While today’s network equipment technology can support higher data rates, including 40 Gbps, existing optical links are not necessarily ready for the upgrade. Polarization mode dispersion (PMD) was not a major concern until recently, as networks began to operate at these faster bit rates, and legacy optical fibers often exhibit excessively high PMD at these speeds.
Of course, PMD is typically less frequent in newer fibers than in older ones, and solving the problem can temporarily be delayed by avoiding the high-PMD fibers. However, when bandwidth is required, all available fibers will need to contribute. And today, this is more meaningful than ever before, for the following reason: ROADMs make the network reconfigurable, so all fibers are solicited.
Eventually, the problem must therefore be fixed, either by replacing the whole fiber – a very costly proposition – or pinpointing the worst link sections and replacing only those.
Although financially attractive, the latter approach is hardly feasible using traditional PMD analyzers, which provide a total link PMD value rather than a section-by-section breakdown of the PMD picture.
However, newly introduced distributed PMD analyzers make it very easy to achieve, as they are specifically designed to measure PMD following an OTDR-like method, span by span.
Below is a case study that presents a situation in which a network operator tried to pinpoint the high-PMD sections of a link, without using a purpose-built distributed PMD analyzer. We then examine how opting for such an instrument would have made the assessment much more accurate and incredibly faster.
The manual solution
This article refers to an 88-kilometer fiber link that had a total PMD (end to end) of 6.2 ps. This link is part of a core network and transports voice, video and data to maximum fiber capacity. It has therefore become necessary to mitigate PMD because of the desire to transport 40 Gbps data rates.
Network technicians sectionalized the PMD by breaking the fiber into various sections and testing for PMD section by section. Knowing that PMD adds quadratically, they were able to roughly determine which sections contributed the most to the overall value of 6.2 ps.
This proved to be a very tedious and time-consuming task, as it took about a week to perform the work and had to be done at night (due to the fact that it is a working fiber).

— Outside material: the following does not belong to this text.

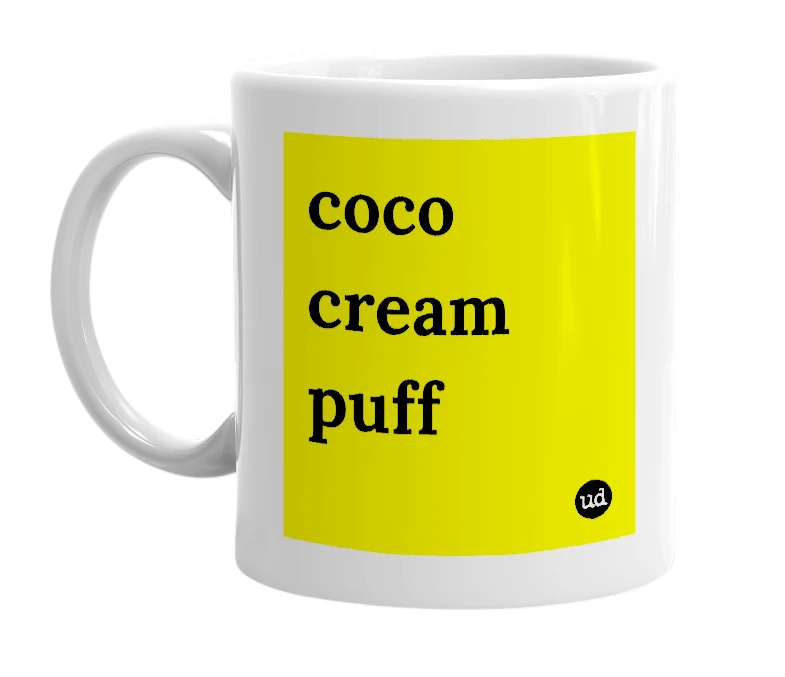White mug with 'coco cream puff' in bold black letters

The results gave the network technicians only a rough overview of where the network had issues. It would have been necessary to break and measure each splice-to-splice section in order to improve the results, requiring countless hours of testing and a significant increase in risk to active services.
An automated solution
The distributed PMD analyzer from Exfo (FTB-5600) completed the entire test in an hour (versus a week). There was no second-guessing of where to start and stop the routing of new fiber, as the test results are very precise.
Exfo staff first executed a quick scan with the FTB-5600 to verify the link for distance, loss and approximate PMD range. The operator then set the FTB-5600 to scan just the first 55 km and measured a total PMD value of 5.5 ps.
The results showed two main splice-to-splice sections that significantly impacted the overall PMD (very high coefficient). These sections contributed over 60 percent of the PMD seen on the entire 88 km route.
The results table above clearly shows which sections contribute the most to the link’s overall PMD. Section 7 (highlighted) contributes 14 percent, and section 10 contributes 63 percent, to a total PMD of 5.5 ps.
Using the post-processing capabilities of the FTB-5600 software, it is possible to perform a “what if” analysis of the data. The first step was to divide the offending sections using the “Section Edition” function, which allows the operator to adjust the section lengths down to the actual range of high-PMD fiber. The algorithm actually flags sections based on the locations of splice points, occasionally including acceptable fiber.
After adjusting section lengths based on PMD alone, rather than PMD-plus-splice points, the operator then subtracts the highest sections using the “Estimation” function. Results can then be observed as if offending sections had been replaced with pristine optical fiber. The table below shows the results of that exercise.
We can note that after setting the offending sections’ PMD to 1 ps, the cumulative PMD is reduced to 2.9 ps. This exercise only required a few minutes to reveal the outcome of replacing two sections.
Additionally, since section 7 only contributed approximately 14 percent to the overall PMD, it is worthwhile to conduct the “what if” exercise by only removing the contribution of the worst section (section 10). The table below shows the outcome of this exercise.
It quickly becomes clear that replacing section 10 (6.8781 km of fiber) will reduce total PMD to 3.5 ps. Replacing both offending sections (sections 7 and 10, with a combined length of just over 8 km) will yield a PMD value of approximately 2.9 ps for the measured portion of the link.
The graphic below shows the offending sections.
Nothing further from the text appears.